Gotik mimari çatı ve cephe sistemleri açısından üç yenilik getirmiştir:
Kaburgalı tonoz, Dayanma ayakları(kontrforlar), Dayanma kemerleri
Kaburgalı tonoz haç tonoza kaburgaların eklenmesiyle elde edilir.Dayanma ayakları ve dayanma kemerlerinden oluşan sisteme ''dayanma sistemi''denmektedir.Bu sistem,Gotik mimarlığın düşeyde gelişimini sağlamış ve yük aktarma prensibi ile büyük pencereler açmaya olanak sağlamıştır.Gotik yapılar göğe yükselen hatları ile çok dinamik ve canlı bir yapı sergilemektedir.En etkileyici yeniliği kilise duvarlarının kaldırılıp yerini renkli cam zarların almasıdır.Bunlar okuma yazma bilmeyenler için bir İNcil olmuştur.
RÖNESANS MİMARİSİ
15.yyda İtalyanların gotik mimariye karşı Roma mimarisini temel aldığı bu yeni mimari üslup, Rönesans Mimarisidir.Bu çağ geçmişin ve insan saygınlığının,sanatçı kişiselliğinin de yeniden bulunduğu dönemdir.Rönesans hümanizmi insanı Ortaçağ boyundurluğundan kurtarmıştır.Rönesans mimarisinin kurucusu Brunelleschi'dir. Tüm yapılarında Gotik Mimariye karşı çıkmış , yeni mimariyi Roman ve Hristiyanlık eserlerinden yararlanarak biçimlenmiştir. Çağdaşları onun kullandığı bu üsluba antik üslup adını vermişlerdir.

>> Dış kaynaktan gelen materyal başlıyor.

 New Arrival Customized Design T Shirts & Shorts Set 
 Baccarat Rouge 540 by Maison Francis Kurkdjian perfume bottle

Rönesans yapıları belli kural ve simetriye bağlıdır. Gotik'te mantıklı olmayan düşünce yerini Rönesans'ta mantıklı,matematiksel düşünceye bırakır.Cephelerde düz çizgiler egemen olup silmeler ile katlar birbirinden ayrılmış ve her bölüm kendi içinde bitmiştir.
Rönesans'ı savunan İtalyanlar, Hristiyanlığı çağdaş gerekler ile bağdaştırmanın şart olduğunu savunmakta ve bu mimariyi Barok üsluba doğru sürüklemiştir.
BAROK MİMARİ
Avrupa'nın katolik ülkeleri ile Latin Amerika'ya yayılmış ve eğri hatların hakim olduğu bir üsluptur.Barok mimari Rönesans'ın katı kurallarına tepki olarak doğmuştur.Barok mimarlık abartılı hacim ve dekorları kullanarak görkem ve güç etkisi yaratmaya çalışmıştır. Tanrı ve kral dönemin mutlak hükümdarlarıdır. Tanrı için kilise, kral için saraylar yapılmaktadır.Barok dönemde sonsuzluk ve hareket esas alınmıştır.

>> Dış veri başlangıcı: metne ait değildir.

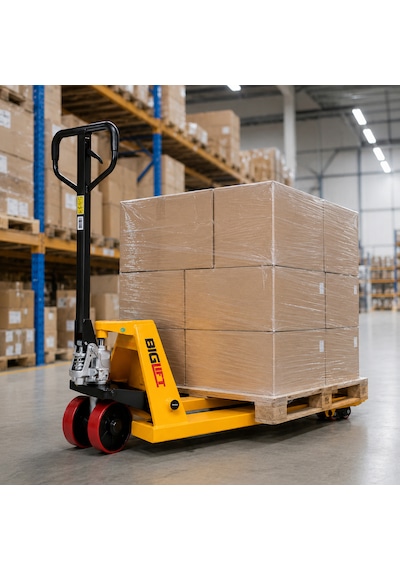 Biglift Dfer25k 2,5 Ton Kırmızı Teker Manuel Transpalet Çatal Boyu 115x54 Cm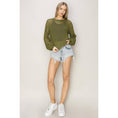 Load image into Gallery viewer, Distressed Knit Sweater
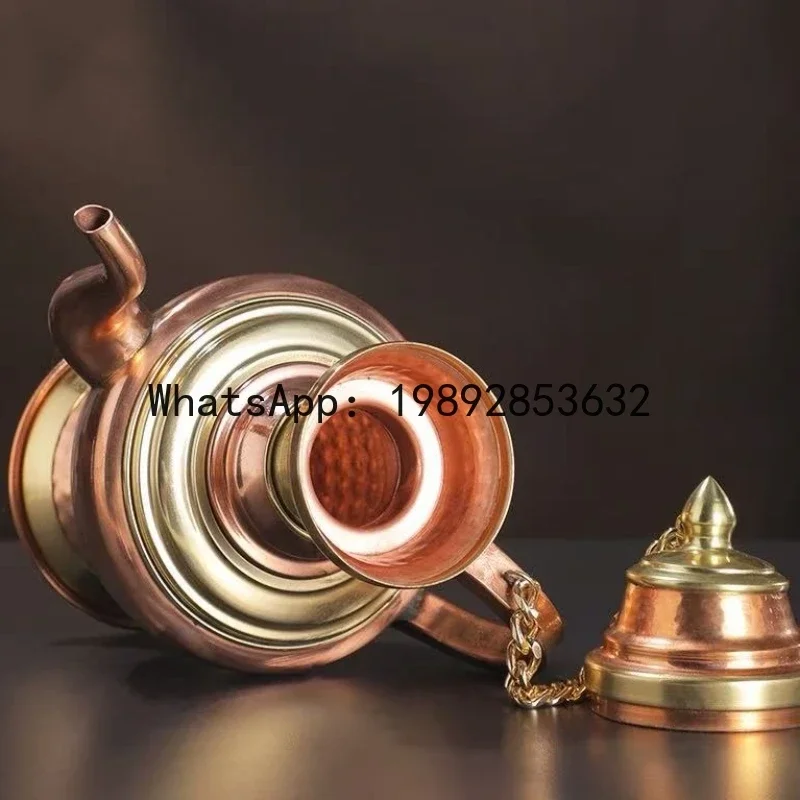 b153Buddhist Item Handcrafted Tibetan Red Copper Holy Water Kettle,Nepal Butter Tea Bottle Kettle,Tantric Altars Home Decorative
b153Buddhist Item Handcrafted Tibetan Red Copper Holy Water Kettle,Nepal Butter Tea Bottle Kettle,Tantric Altars Home Decorative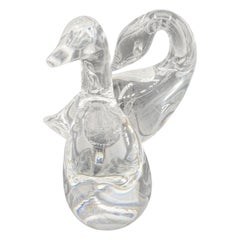 Steuben Glass, Goose & Gander, by Lloyd Atkins 2 Pcs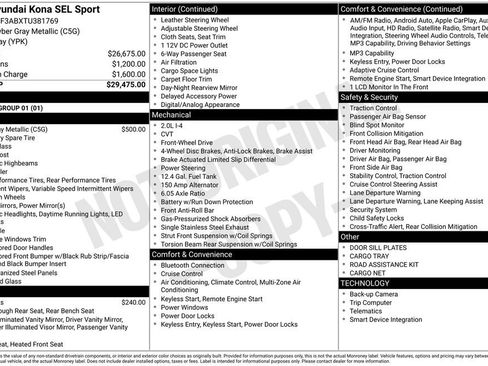 New 2026 Hyundai Kona SEL Sport FWD image 6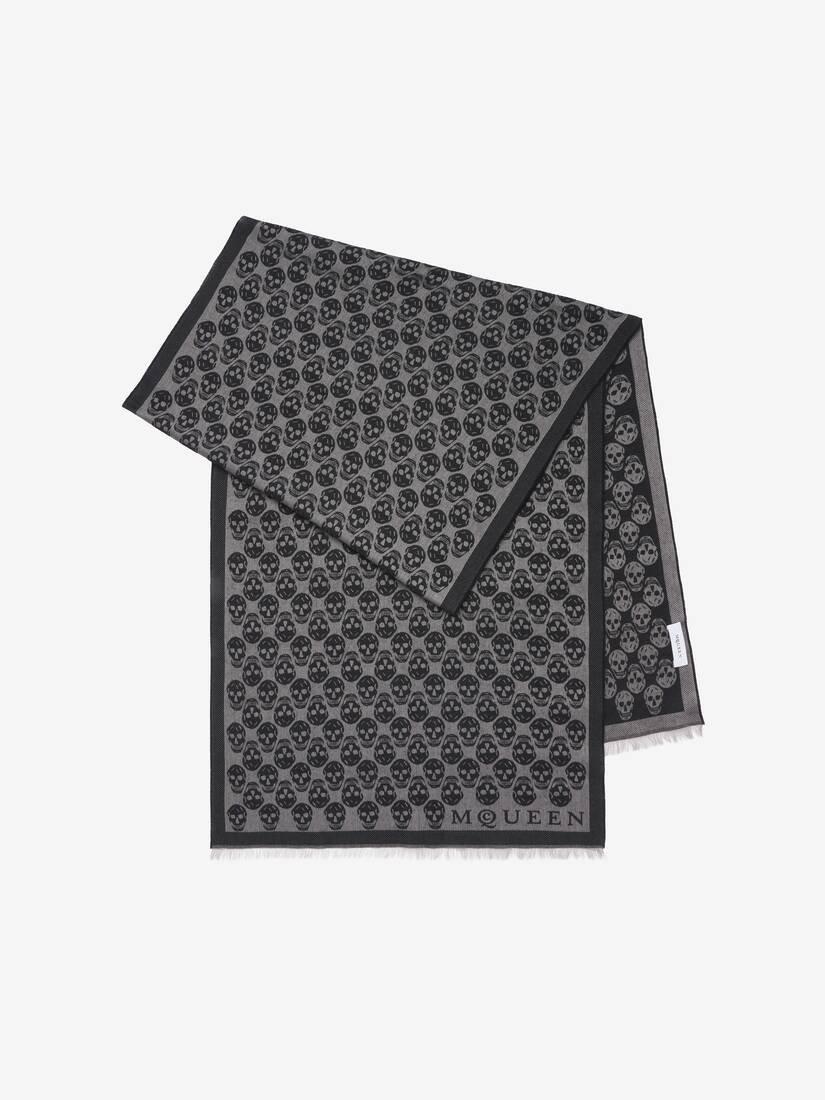 Skull Jacquard Scarf | Alexander McQueen - image 1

Rönesans'ın düz ve statik çizgileri Barok'ta cephelerde girinti ve çıkıntıya dalgalanmalara dönüşmektedir.Barok insanı şaşırtan geniş meydanlar ve kent planlarını mimariye kazandırmıştır
.Barok'ta heykel ile mimari yapı,birbirine tamamen kaynaşmış olarak görünmektedir.18.yüzyılın ortasından sonra klasik mimari yani yatay ve dikey hatların sakinliği özlenmeye başlanmıştır.

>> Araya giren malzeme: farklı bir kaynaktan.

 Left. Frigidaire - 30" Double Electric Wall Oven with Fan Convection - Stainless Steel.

Barok döneminde çeşme ve merdivan mimariside önem kazanmıştır.
KARŞILAŞTIRMA
Ortaçağ'da insanlar Tanrı'nın dünyası içindedir.Her olayın Tanrı'dan geldiğine ve öbür dünyadaki kurtuluşa inanılmaktadır.
-Gotik yapılar adeta sonsuzluğa ve Tanrıya yükselir gibi inşa edilmektedir.
-Rönesans yapılarında rasyonalizm başlamakta, sonsuzluk yerine ölçü, karışıklık yerine sakin ve dünyevi bir tarz ortaya çıkmıştır..
-Barok Mimarisi'nde ise duygular öne çıkmış, hareketlilik ve kuralların reddeden bir yapı ortaya cıkmıştır.